[[ RECORDS FOR THE TASK open ]]

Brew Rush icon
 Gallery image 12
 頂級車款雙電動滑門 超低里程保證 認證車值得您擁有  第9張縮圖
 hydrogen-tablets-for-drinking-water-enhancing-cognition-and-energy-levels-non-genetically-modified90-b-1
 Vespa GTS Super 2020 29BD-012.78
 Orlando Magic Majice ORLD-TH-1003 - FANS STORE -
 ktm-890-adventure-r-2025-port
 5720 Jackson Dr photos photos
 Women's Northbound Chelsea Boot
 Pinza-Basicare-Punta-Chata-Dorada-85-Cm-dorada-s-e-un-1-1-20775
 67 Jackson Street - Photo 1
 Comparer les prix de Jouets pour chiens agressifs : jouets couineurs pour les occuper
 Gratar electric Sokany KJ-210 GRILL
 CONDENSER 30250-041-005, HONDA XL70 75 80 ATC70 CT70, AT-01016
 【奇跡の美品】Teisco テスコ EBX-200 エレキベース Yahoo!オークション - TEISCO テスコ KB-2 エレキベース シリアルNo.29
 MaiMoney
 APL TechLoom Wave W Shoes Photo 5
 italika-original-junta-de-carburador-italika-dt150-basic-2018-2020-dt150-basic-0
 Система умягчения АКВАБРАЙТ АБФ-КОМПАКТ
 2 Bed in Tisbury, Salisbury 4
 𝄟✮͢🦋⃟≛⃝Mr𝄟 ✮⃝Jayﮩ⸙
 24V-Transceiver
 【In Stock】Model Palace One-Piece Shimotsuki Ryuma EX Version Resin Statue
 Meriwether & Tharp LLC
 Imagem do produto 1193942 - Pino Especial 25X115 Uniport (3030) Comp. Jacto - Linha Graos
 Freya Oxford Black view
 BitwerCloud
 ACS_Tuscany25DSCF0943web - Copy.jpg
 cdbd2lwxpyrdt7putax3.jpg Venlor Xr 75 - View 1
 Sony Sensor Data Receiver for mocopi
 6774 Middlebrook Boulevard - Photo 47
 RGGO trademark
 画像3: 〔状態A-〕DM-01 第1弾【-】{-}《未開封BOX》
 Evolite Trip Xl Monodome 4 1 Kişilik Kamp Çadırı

[[ RECORDS FOR THE TASK closed ]]

[WORK INSTRUCTIONS]
After identifying the lines above that contain "Jackson", copy each one.

[ANSWER TO THIS EXERCISE]
 5720 Jackson Dr photos photos
 67 Jackson Street - Photo 1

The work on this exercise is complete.